Since Wasm acts as a compilation target for many programming languages and its execution environments are continually expanding to cover new platforms, it’s more versatile than language-specific ecosystems, like the JVM. And since Wasm has such a small footprint, it will likely play a bigger role in machine learning on the edge, says Brewing, but more work needs to be done around persistent storage and mapping the lifecycle of AI artifacts, he says.
All of these cases highlight a familiar problem for Wasm though. While it might be the most technologically sound option for greenfield development, the benefits may not outweigh the risks when it comes to more established tech stacks.
At the enterprise level, it still takes time for new technologies to be vetted, especially for companies with significant hardware investments. Wasm may be evolving a bit too fast for large companies to follow. Orange, like many large enterprises, is just at the point of migrating from the world of virtual machines to Kubernetes.
Is Wasm enterprise-ready? Yes and no
So, is WebAssembly ready for greater use within large enterprises? For Google’s Steiner, “the answer is 100% yes.” Code sharing and platform independence are big drivers for Wasm adoption at Google as it finally delivers on the old mantra of “write once, run anywhere,” he says.
Still, opinions on Wasm’s overall enterprise readiness are pretty split at this point. “There are still a number of enterprise scenarios where WebAssembly has great promise but is not yet ready for wide-scale adoption,” says Luke Wagner, a distinguished engineer at Fastly. He thinks it will take more maturity in the tooling and standards ecosystem around WebAssembly before that is feasible.

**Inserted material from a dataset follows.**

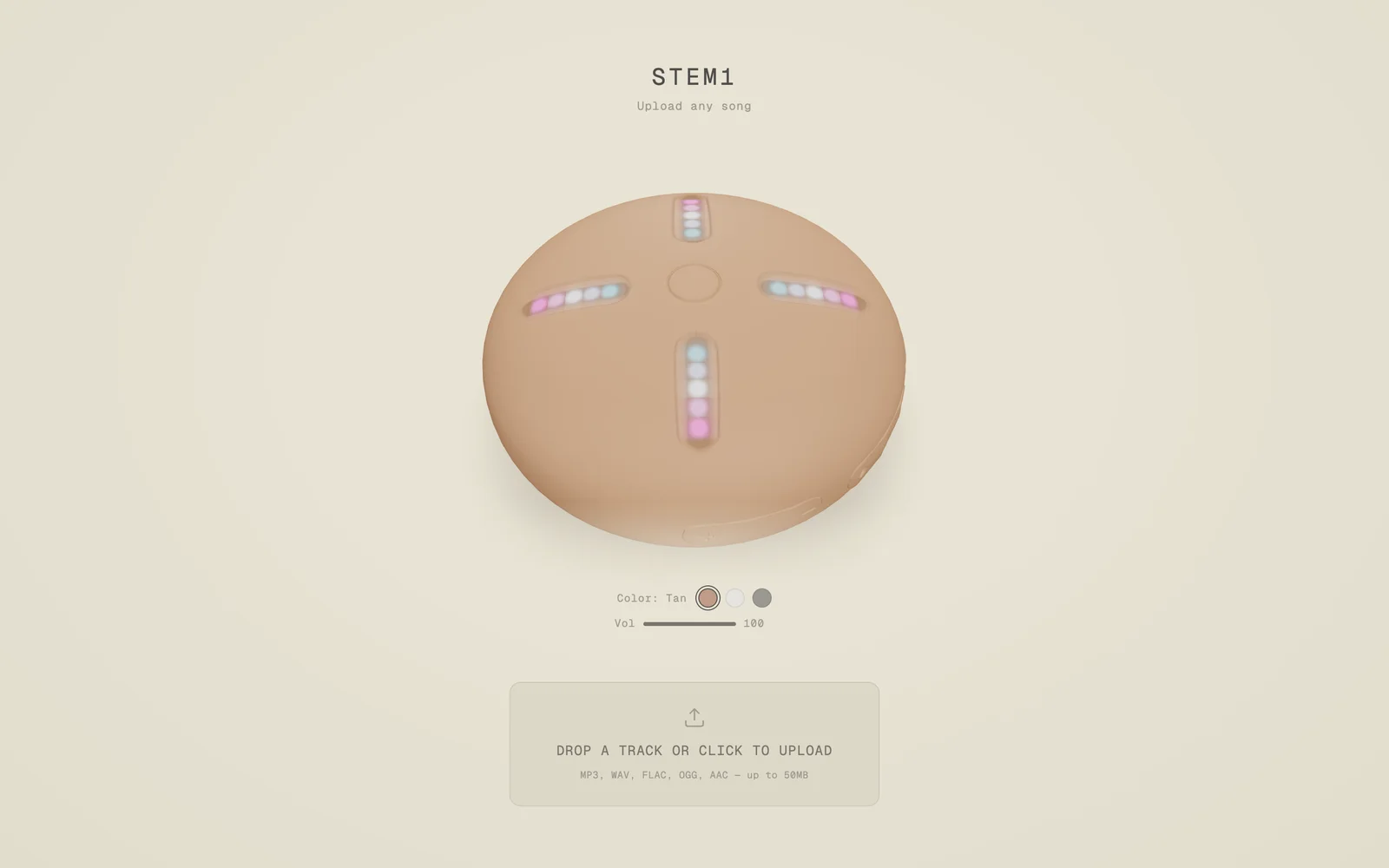 Stem Player web app with a 3D render of the tan device, its four LED grooves lit, above an upload zone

“We’re seeing movement in standards, language support, and hearing from operators and platform engineers that they’re craving it,” says Butcher, who is optimistic that Wasm will help wrangle rising cloud costs, as it can run higher density nodes on existing Kubernetes clusters without increasing hardware spend.

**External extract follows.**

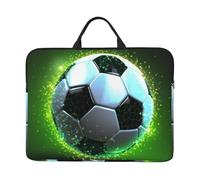 Cool Soccer Ball Laptop Case 14 Inch Laptop Sleeve Computer Carrying Bag Shockproof Protective Notebook Case Portable Laptop Bag Waterproof Briefcase Bag for Men Women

Other hindrances are debugging limitations and incomplete language support. According to the WebAssembly Language Support Matrix, certain popular languages, like R, Objective-C, native Scala, Perl, Dart, and others lack full support across Wasm core and web, WASI, and the Spin SDK.
That said, for use in web browsers, WebAssembly is already pretty well proven. “We should not forget that Wasm inside the browser is already here, and it is here to stay”’ says Edoardo Vacchi, WebAssembly core engineer at Tetrate.
Taking Wasm beyond the browser is where the efforts are still maturing. Much of the discussion surrounds the component model, part of WASI (WebAssembly System Interface) 0.2.0, which defines a way to create modular, reusable Wasm components across different environments and languages.
This wave is bound to break
In terms of speed, Wasm is already demonstrating results. “Near-native speed web applications like those developed by Adobe showed how powerful Wasm can be,” Forrester analysts found. Faster loading time is the top reason for Wasm adoption according to the 2023 State of WebAssembly report. And 30% of developers report their performances have increased by more than 50% as a result of switching languages.
Wasm can help resolve the complex knot of modern applications, says BMW’s Brewing. “WebAssembly is so versatile. You can use it on every OS, it doesn’t matter where you run it, and it has a small footprint.” To his point, 64% of developers using Wasm say they’re using it to port existing applications to new platforms.
So, for the moment, the state of Wasm is complicated. Like a promising athlete, many want to see if it can live up to the hype before truly buying in.
“Up until six or eight months ago, Wasm was still very much in the [minimum viable product] stage,” says Fermyon’s Butcher. “Now, we’re in that late visionary stage, the beginning of early adopters stage. We’re right at the point where the wave breaks.”